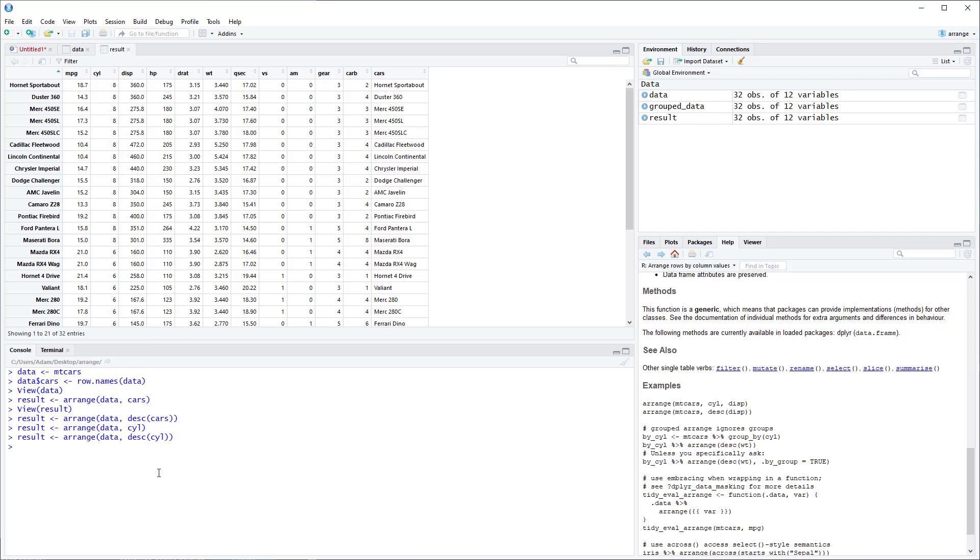And now you can add multiple column names within the arrange function. So let's say if you wanted to sort Cylinder from smallest to largest, and then within each group of Cylinder you wanted to arrange cars from A to Z. So you would just write the first column you want to sort, and then the second column you want to sort within that first column.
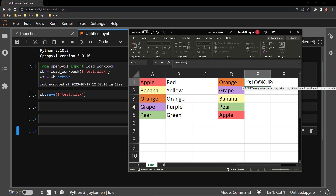The first argument is the lookup value, which is the value I'm looking for in a separate location in the document. In this case, I'm looking for the value contained in cell D1, which is orange.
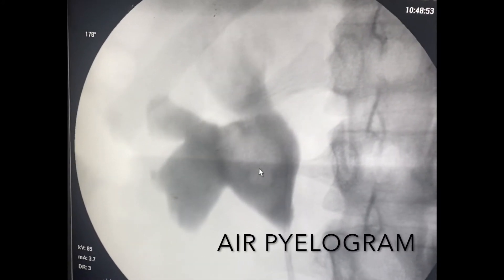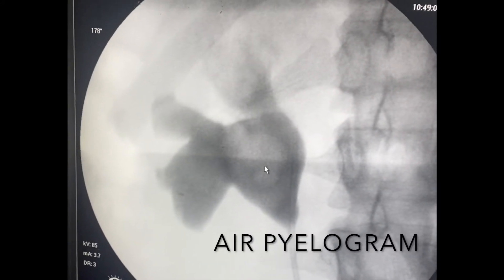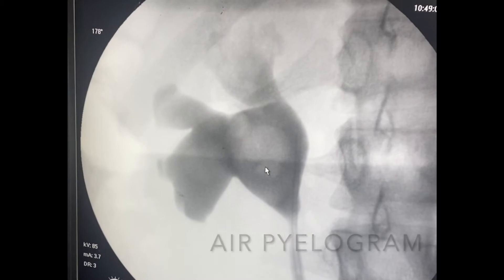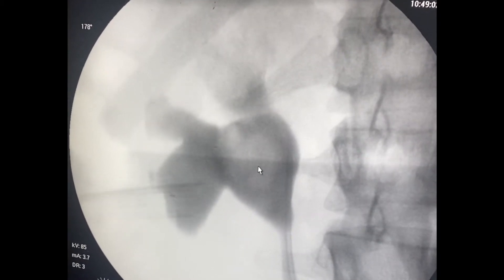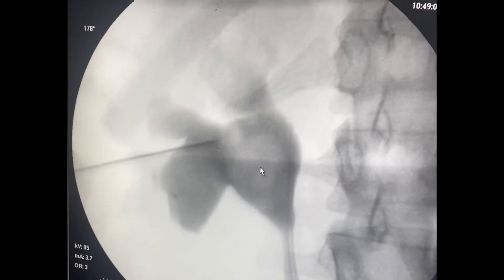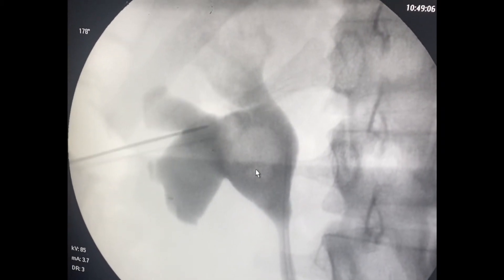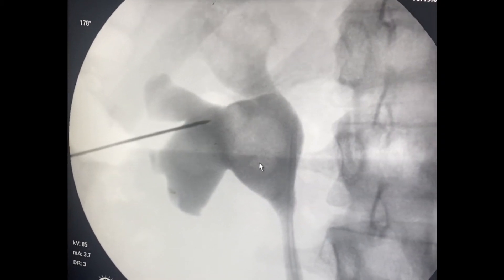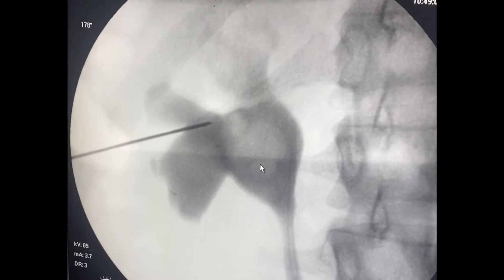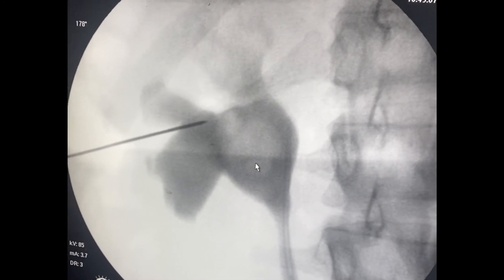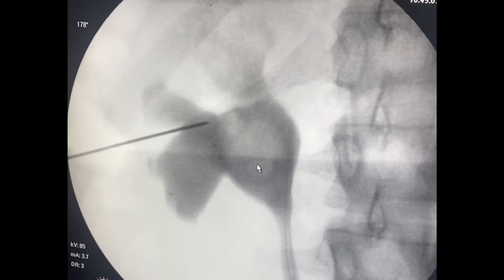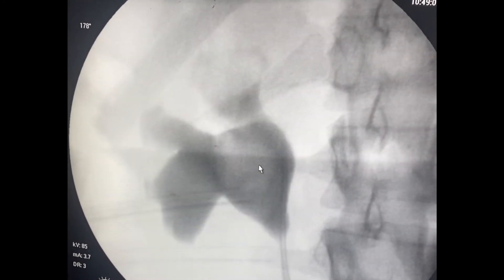To identify the mid posterior calyx, an air pyelogram was performed. After injecting air, as pointed out by the needle, a faint white area is seen medially, overlying close to the pelvis.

-=-=-=-=-

■ **Your task**
Would you write out the data exactly, with no pictures in the copy?

■ **Completed task**
And now you can add multiple column names within the arrange function. So let's say if you wanted to sort Cylinder from smallest to largest, and then within each group of Cylinder you wanted to arrange cars from A to Z. So you would just write the first column you want to sort, and then the second column you want to sort within that first column.
The first argument is the lookup value, which is the value I'm looking for in a separate location in the document. In this case, I'm looking for the value contained in cell D1, which is orange.
To identify the mid posterior calyx, an air pyelogram was performed. After injecting air, as pointed out by the needle, a faint white area is seen medially, overlying close to the pelvis.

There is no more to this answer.